Buraya kadar yazdıklarım, “Ölmeden Önce” her birimizin sosyal hayatından kesitlerdi.

Her memleket ziyaretimde “Kabir ziyareti” benim için kaçınılmaz bir vazifedir.

Bu seferki ziyaretim beni özellikle çok çok duygulandırdı ve bu duyguları “belli bir fikir zaviyesinden” sizinle paylaşmak geldi içimden. Şöyle ki;

Bizi ellerinde “el bebek gül bebek” büyüten, çocukluk yıllarımda evlenen ve torun tosun sahibi olan, güzel evlerin, bağların bahçelerin, verimli tarlaların sahibi amcam, halalarım, dayım, biri hariç tüm teyzelerim artık aramızda yoklardı.

Alemlerin Rabbi olan şanı yüce Allah (cc), bazılarının vefatı arasında bir kaç ay olacak şekilde, onlara ölümü takdir etmiş ve arka arkaya aramızdan ayrılmışlardı.

Kabirlerini yine ziyarete gittiğimde, mezarları başında, “bir varmış bir yokmuş” diye başlayan masallar misali, her biriyle yaşadığımız onlarca yılın acı tatlı hatıraları, bir film şeridi gibi gözümün önünden geldi geçti.

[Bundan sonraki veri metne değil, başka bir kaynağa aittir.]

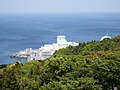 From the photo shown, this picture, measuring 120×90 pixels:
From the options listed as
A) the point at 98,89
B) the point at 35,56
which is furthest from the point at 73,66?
the point at 35,56

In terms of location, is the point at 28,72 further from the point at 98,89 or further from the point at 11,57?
the point at 11,57

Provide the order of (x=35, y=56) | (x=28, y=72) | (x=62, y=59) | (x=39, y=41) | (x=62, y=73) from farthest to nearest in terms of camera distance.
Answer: (x=39, y=41), (x=35, y=56), (x=28, y=72), (x=62, y=59), (x=62, y=73)

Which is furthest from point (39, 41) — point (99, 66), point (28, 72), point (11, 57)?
point (99, 66)

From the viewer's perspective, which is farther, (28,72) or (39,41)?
(39,41)

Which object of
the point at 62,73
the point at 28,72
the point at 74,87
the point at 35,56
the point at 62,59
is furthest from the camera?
the point at 35,56

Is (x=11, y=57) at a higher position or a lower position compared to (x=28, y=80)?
lower

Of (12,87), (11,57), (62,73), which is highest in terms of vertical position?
(62,73)

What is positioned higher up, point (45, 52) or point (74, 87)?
point (74, 87)

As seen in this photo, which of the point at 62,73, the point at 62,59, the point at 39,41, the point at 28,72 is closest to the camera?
the point at 62,73

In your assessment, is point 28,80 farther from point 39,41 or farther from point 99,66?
point 39,41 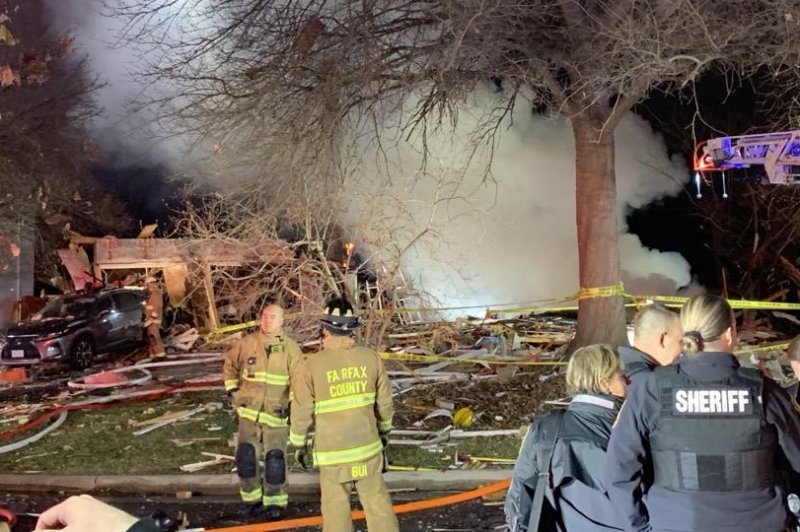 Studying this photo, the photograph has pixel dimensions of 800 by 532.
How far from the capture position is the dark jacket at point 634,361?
320 centimetres

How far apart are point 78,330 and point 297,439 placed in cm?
1198

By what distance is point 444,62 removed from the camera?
29.2ft

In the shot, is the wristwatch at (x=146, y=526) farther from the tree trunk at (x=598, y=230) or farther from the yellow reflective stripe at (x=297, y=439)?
the tree trunk at (x=598, y=230)

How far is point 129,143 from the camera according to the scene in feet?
85.8

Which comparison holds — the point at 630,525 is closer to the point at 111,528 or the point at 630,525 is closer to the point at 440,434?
the point at 111,528

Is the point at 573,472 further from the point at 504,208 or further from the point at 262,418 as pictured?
the point at 504,208

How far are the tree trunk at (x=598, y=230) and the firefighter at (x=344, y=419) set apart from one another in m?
6.56

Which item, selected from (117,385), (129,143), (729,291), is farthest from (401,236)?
(129,143)

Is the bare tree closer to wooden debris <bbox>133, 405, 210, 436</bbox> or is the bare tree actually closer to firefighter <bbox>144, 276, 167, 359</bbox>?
wooden debris <bbox>133, 405, 210, 436</bbox>

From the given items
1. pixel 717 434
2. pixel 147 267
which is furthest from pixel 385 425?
pixel 147 267

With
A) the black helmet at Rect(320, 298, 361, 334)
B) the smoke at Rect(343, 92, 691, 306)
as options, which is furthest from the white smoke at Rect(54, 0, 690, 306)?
the black helmet at Rect(320, 298, 361, 334)

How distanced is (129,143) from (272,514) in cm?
2280

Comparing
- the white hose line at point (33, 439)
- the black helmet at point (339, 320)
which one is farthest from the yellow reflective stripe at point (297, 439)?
the white hose line at point (33, 439)

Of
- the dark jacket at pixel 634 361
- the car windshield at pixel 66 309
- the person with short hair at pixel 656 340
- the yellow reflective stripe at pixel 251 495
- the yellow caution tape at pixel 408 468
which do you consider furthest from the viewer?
the car windshield at pixel 66 309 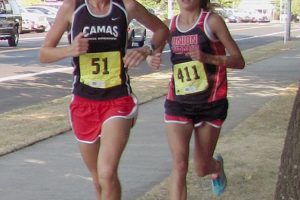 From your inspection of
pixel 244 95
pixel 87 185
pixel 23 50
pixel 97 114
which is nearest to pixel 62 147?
pixel 87 185

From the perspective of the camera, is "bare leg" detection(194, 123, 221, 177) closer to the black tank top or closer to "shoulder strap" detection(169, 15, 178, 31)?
"shoulder strap" detection(169, 15, 178, 31)

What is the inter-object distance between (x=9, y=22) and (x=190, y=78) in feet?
80.3

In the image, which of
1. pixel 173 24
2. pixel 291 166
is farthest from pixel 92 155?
pixel 291 166

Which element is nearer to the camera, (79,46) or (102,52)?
(79,46)

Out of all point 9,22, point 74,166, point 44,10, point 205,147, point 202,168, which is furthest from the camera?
point 44,10

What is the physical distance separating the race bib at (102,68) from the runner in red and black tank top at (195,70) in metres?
0.69

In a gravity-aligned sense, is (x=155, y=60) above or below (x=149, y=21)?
below

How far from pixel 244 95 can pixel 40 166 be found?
254 inches

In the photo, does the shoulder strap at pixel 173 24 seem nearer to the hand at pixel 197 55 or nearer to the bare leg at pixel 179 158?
the hand at pixel 197 55

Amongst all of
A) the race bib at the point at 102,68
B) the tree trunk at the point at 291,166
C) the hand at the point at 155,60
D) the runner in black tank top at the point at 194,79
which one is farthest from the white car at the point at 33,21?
the tree trunk at the point at 291,166

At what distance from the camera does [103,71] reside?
177 inches

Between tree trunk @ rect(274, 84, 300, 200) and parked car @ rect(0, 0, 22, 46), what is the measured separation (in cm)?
2476

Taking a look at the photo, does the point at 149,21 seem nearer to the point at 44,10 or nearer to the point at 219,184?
the point at 219,184

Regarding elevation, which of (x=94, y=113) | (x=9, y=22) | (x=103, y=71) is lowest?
(x=9, y=22) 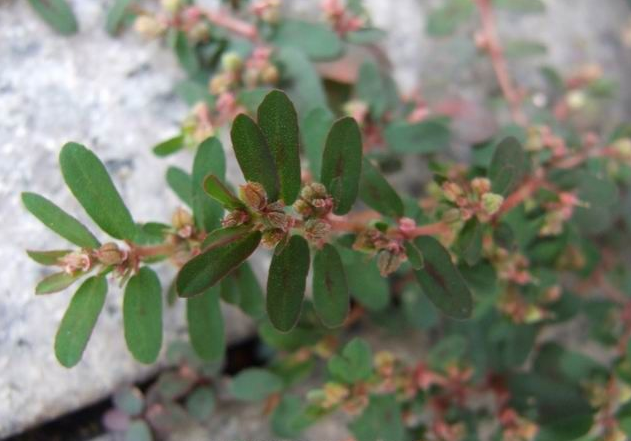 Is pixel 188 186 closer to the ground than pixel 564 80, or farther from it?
farther from it

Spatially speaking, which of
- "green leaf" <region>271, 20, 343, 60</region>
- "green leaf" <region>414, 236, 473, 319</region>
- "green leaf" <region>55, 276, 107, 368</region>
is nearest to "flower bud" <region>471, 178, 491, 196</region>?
"green leaf" <region>414, 236, 473, 319</region>

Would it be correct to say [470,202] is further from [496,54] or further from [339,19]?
[496,54]

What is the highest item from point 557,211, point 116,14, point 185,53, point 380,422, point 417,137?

Hayatının geride kalan yıllarına insanoğlu niçin “Ne çabukta geçti” demekte acaba?

Halbuki, her biriyle yaşadığımız onca anıları, acı tatlı hatıraları kaleme kağıda döksek, her halde onlarca cilt dolduracak konular ve hikayeler buluruz.

Çok önemsediğim bir ziyaretim de, yine yakın zamanda ani bir beyin kanaması ile 30 yaşlarında vefat eden bir akrabamın hanımı ve 3 yetimine yaptığım ziyarettir.

Zile dönüşü uğradığım Ankara’da, daha geçen sene ziyaretine gittiğim ve kendisini çok çok sevdiğim “Allah (cc) dostu” bir arkadaşımın da vefat ettiğini öğrendim.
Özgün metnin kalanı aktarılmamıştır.